> [ACTION ITEM]: What you return must match the listing below exactly, minus any pictures.

SUPPLIED RECORDS START

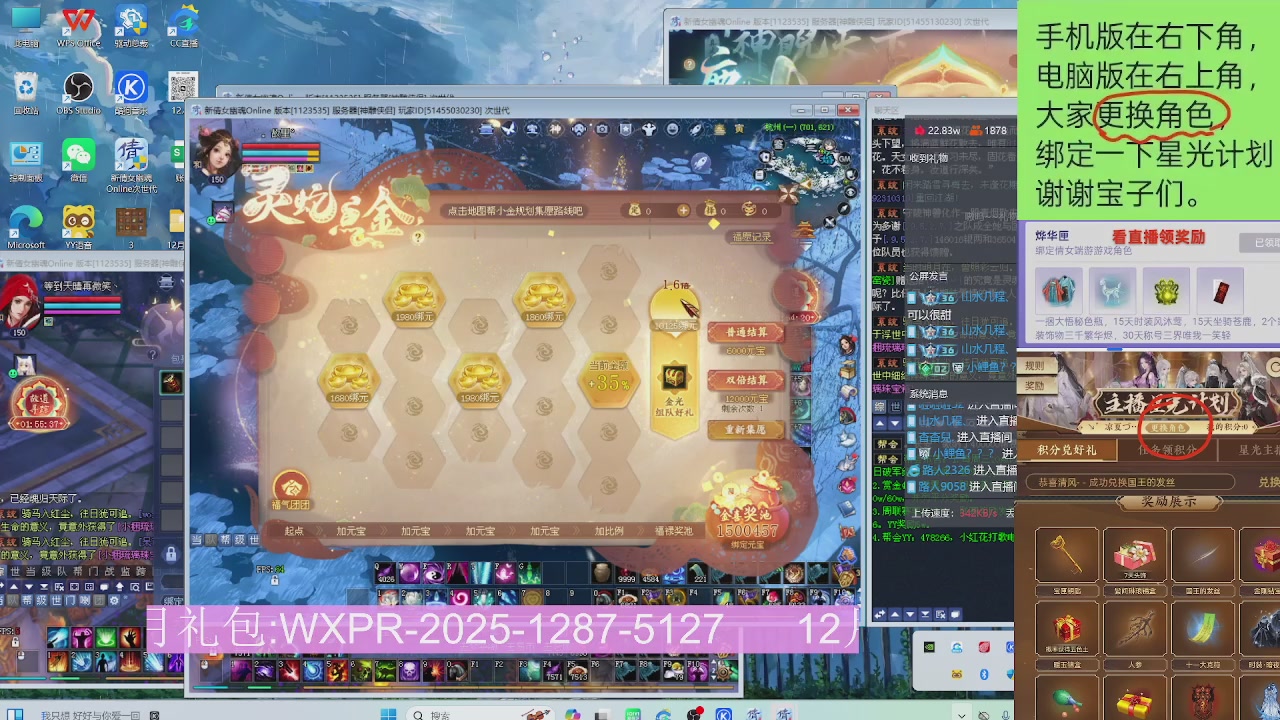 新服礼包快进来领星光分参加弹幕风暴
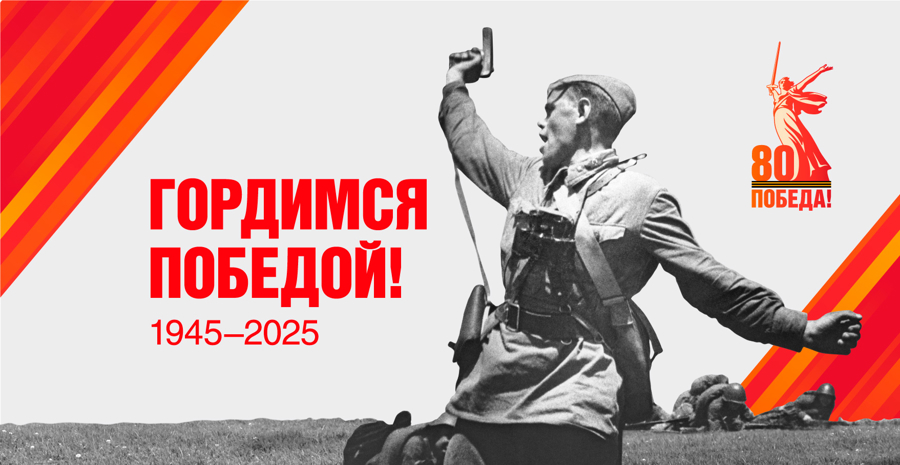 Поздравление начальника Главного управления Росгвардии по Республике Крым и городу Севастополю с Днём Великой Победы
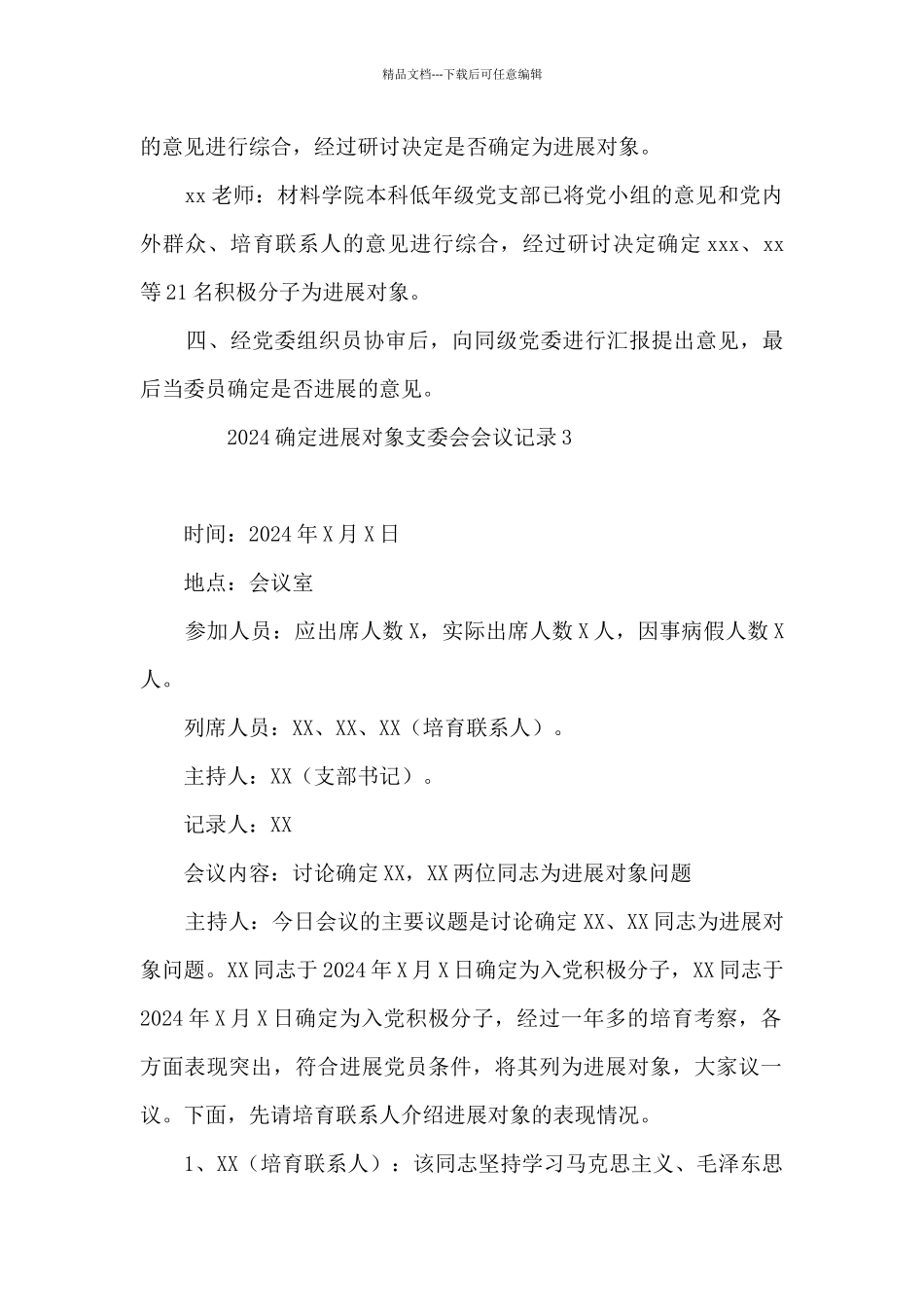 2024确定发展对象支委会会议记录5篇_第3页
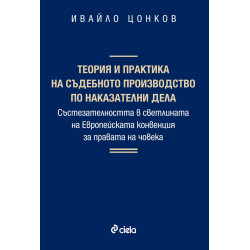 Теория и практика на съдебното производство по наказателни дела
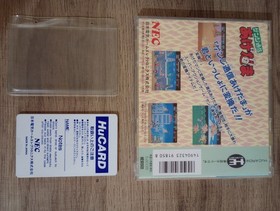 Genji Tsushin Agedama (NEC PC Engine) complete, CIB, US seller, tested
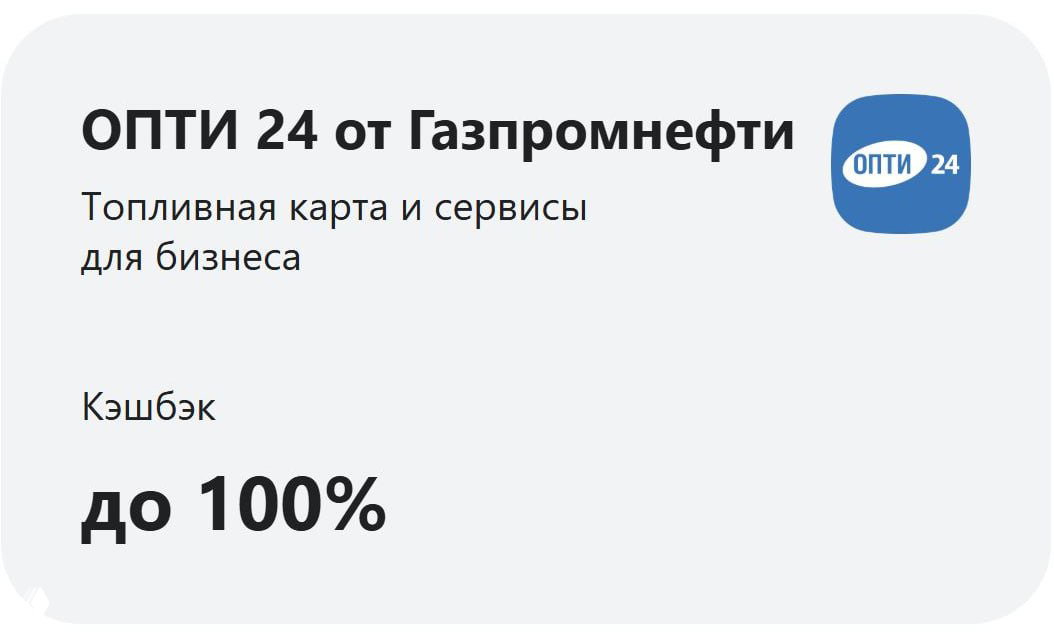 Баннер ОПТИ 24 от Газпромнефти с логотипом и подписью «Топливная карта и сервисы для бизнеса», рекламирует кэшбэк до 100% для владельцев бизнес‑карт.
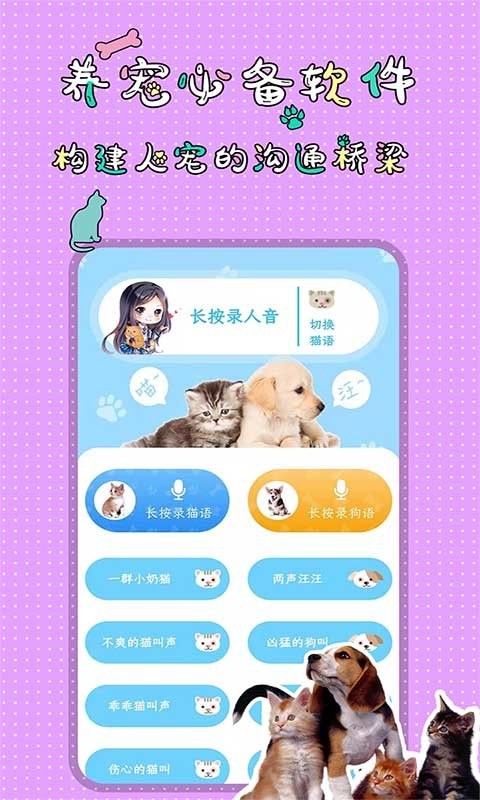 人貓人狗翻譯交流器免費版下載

SUPPLIED RECORDS END

> [RESPONSE TO THE TASK]:
 新服礼包快进来领星光分参加弹幕风暴
 Поздравление начальника Главного управления Росгвардии по Республике Крым и городу Севастополю с Днём Великой Победы
 2024确定发展对象支委会会议记录5篇_第3页
 Теория и практика на съдебното производство по наказателни дела
 Genji Tsushin Agedama (NEC PC Engine) complete, CIB, US seller, tested
 Баннер ОПТИ 24 от Газпромнефти с логотипом и подписью «Топливная карта и сервисы для бизнеса», рекламирует кэшбэк до 100% для владельцев бизнес‑карт.
 人貓人狗翻譯交流器免費版下載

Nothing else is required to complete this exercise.